*WORK REQUIRED:*
A verbatim transcription of the listing below is required, without its pictures.

*DATASET EXTRACT:*
★ ★ ★ ★

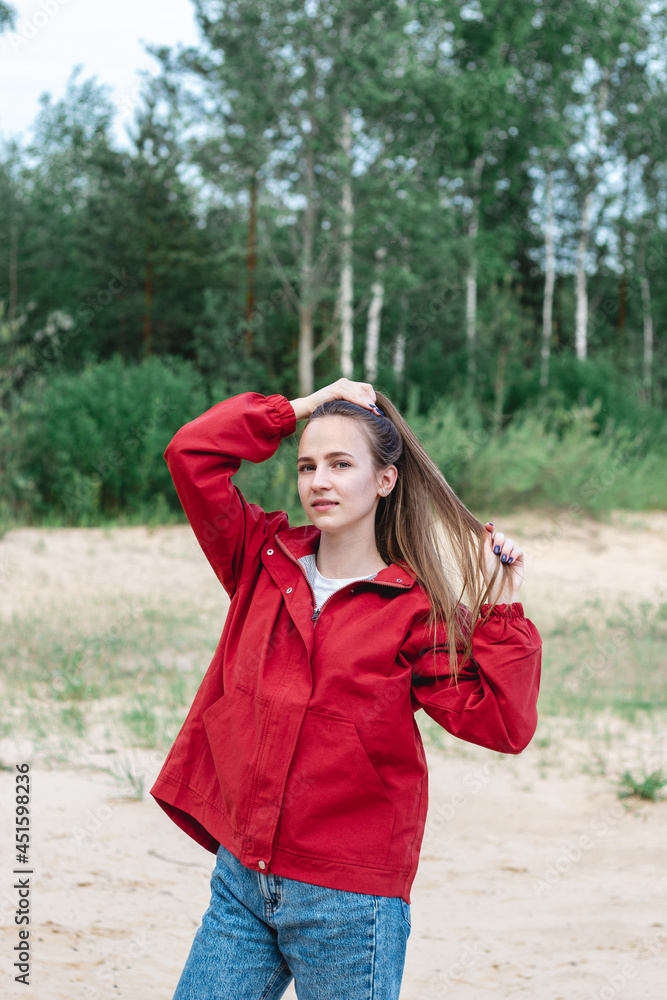Candid portrait of a young caucasian woman in red clothes playing with her hair, posing
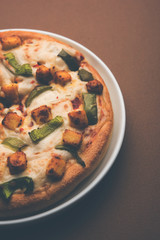 Paneer Pizza is an indian version of Italian dish topped with Cottage Cheese, served in a plate with white sauce. selective focus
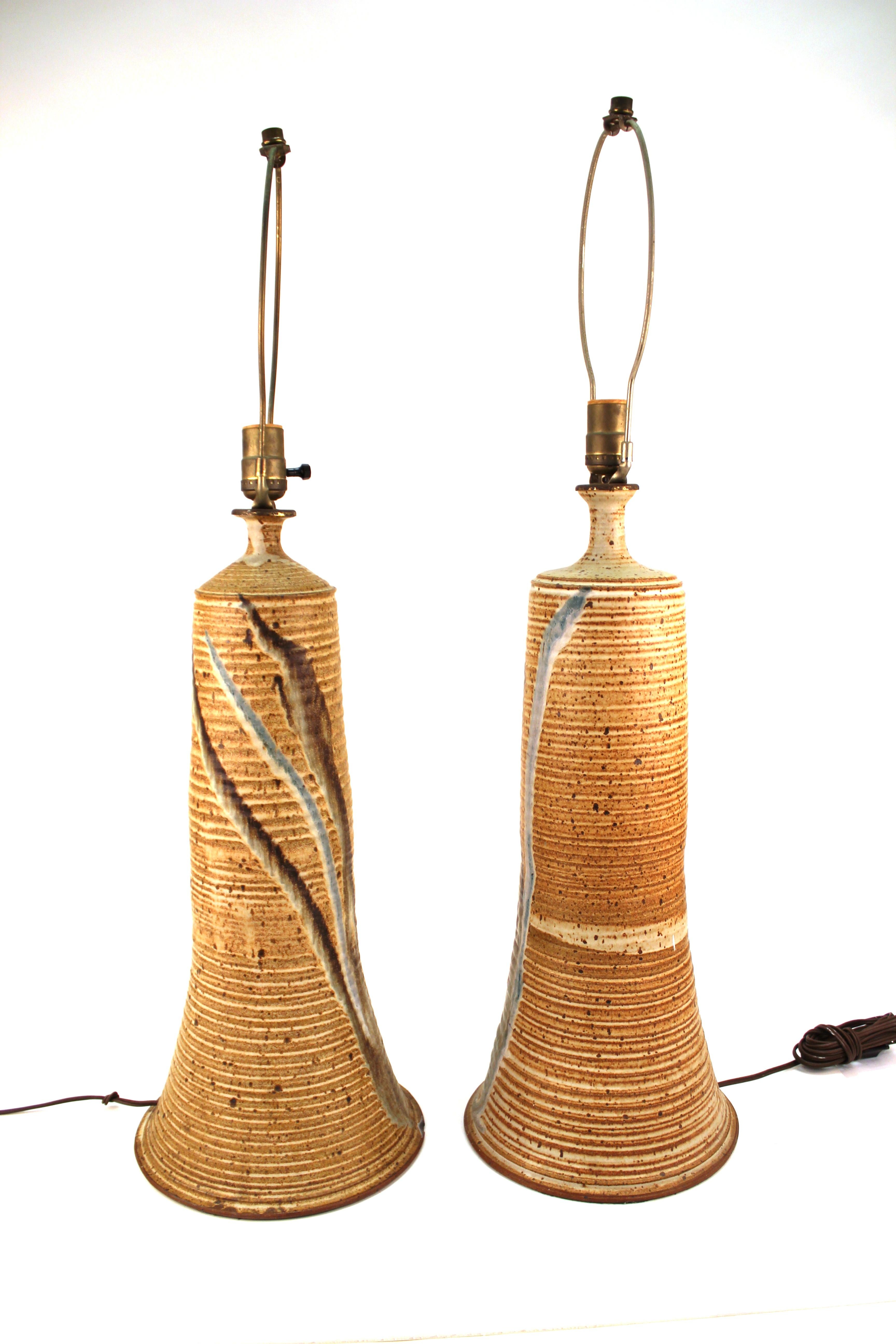 Mid-Century Modern pair of art ceramic table lamps with abstract painted lines on the front. The pair is in great vintage condition with some age-appropriate wear to the bases.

★ ★ ★ ★

*SOLVED EXERCISE:*
Candid portrait of a young caucasian woman in red clothes playing with her hair, posing
 Paneer Pizza is an indian version of Italian dish topped with Cottage Cheese, served in a plate with white sauce. selective focus
 Mid-Century Modern pair of art ceramic table lamps with abstract painted lines on the front. The pair is in great vintage condition with some age-appropriate wear to the bases.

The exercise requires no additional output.